[Extracted records]
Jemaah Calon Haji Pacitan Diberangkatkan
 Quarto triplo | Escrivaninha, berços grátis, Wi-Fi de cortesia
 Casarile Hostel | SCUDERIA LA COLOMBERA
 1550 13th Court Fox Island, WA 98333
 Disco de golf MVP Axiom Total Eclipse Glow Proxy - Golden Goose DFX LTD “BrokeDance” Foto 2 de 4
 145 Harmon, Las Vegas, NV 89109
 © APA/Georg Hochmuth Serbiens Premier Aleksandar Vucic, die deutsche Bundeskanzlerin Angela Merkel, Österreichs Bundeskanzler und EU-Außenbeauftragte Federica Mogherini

Work task.
Your response should hold the lines from the first line of the entries above through the line with "145 Harmon, Las Vegas, NV 89109", each retyped exactly, and nothing else.

Result.
Jemaah Calon Haji Pacitan Diberangkatkan
 Quarto triplo | Escrivaninha, berços grátis, Wi-Fi de cortesia
 Casarile Hostel | SCUDERIA LA COLOMBERA
 1550 13th Court Fox Island, WA 98333
 Disco de golf MVP Axiom Total Eclipse Glow Proxy - Golden Goose DFX LTD “BrokeDance” Foto 2 de 4
 145 Harmon, Las Vegas, NV 89109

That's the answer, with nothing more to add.